Then, tons of articles about risk factors, axillary web, ways to reduce incidence, how to diagnose, how to follow patients, then the whole gyn thing--you take enough nodes in a radical hysterectomy, theres's a 40% incidence of leg LE.
Lots of photos.
Then, treatment--MLD, wrapping, daytime garments, and I brought bandages and Solaris.
Funny let down afterward--I was so wound up before, but so glad I did it. I normally talk to medical students--and these were chiefs of the department, practicing oncologists, fellows--so they are already ob/gyn but specializing--upped the ante.

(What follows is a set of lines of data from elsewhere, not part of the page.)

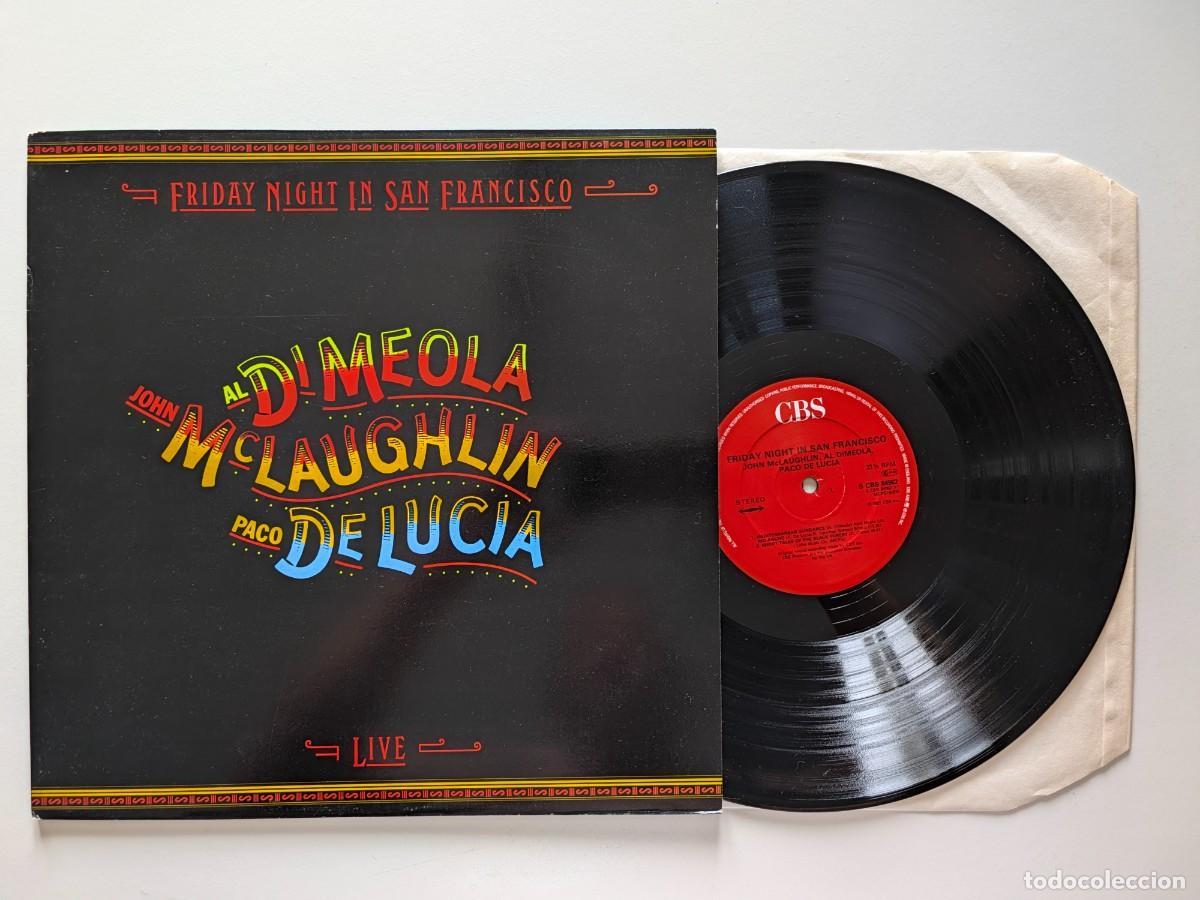 Vinyl-Schallplatten: John McLaughlin / Al Di Meola / Paco De Luc&iacute;a &ndash; Friday Night In San Francisco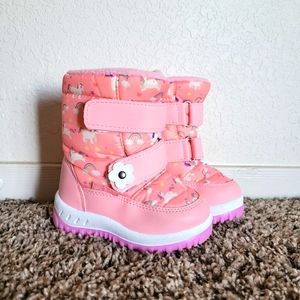 Winter Snow Boots Girl Outdoor Waterproof with Fur Lined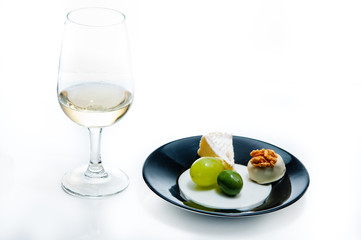 Scotch whisky und Häppchen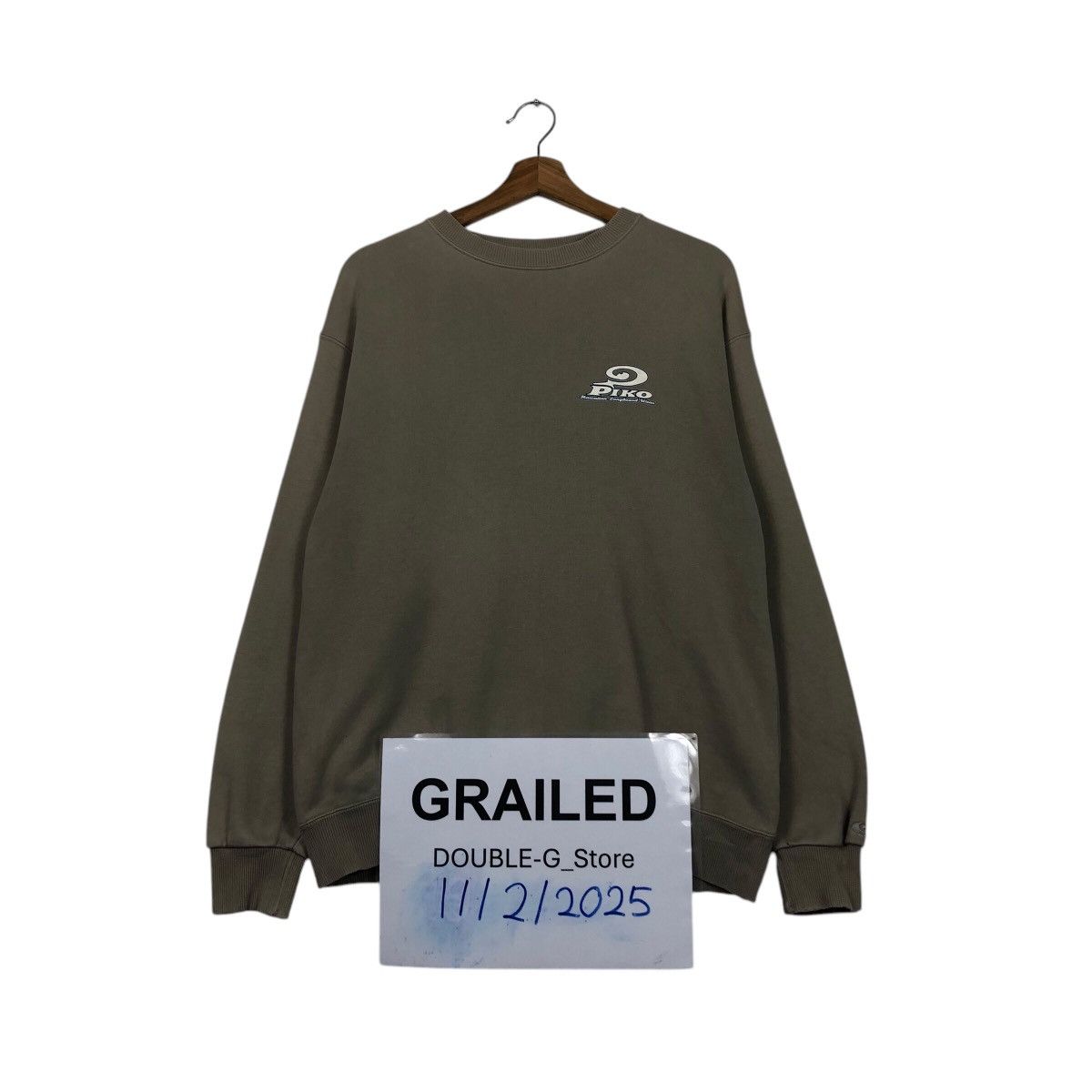 Japanese Brand 90s Piko Hawaiian Surf Crewneck — Coastal Graphic Size US M / EU 48-50 / 2 - 1 Thumbnail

The introduction by the head of the LE clinic told them I have LE, and I told them when I got it, I had an absolute knowledge deficit, and I wanted to share with them what I've learned.
There's some history between me and this institution: I wasn't real happy when I was a patient there, and got LE three weeks post op, and this was a healing thing as well--believe me, the head of the department was there to make sure I didn't go nuts on them--but 4 years have passed, and I believe my/our goal isn't going to be achieved by antagonism but by education in a kind and inclusive manner.
When I was first hired at the evil one's office, the evil office manager--the daughter, googled me and found SUSO, and told me she found the site "hostile". Kind of ironic.
We did talk about my former workplace, just the head of the clinic and the dept chief and me, and they weren't surprised about what went down. And I only tell the sanitized version. The head of the LE clinic told me she went to my former workplace to give a presentation a few years ago and my former boss was shrieking at them over something he disagreed with, so she has experienced it.
My former nurse called me a couple of times this week, and I do miss her and the patients so much. But, there's no going back.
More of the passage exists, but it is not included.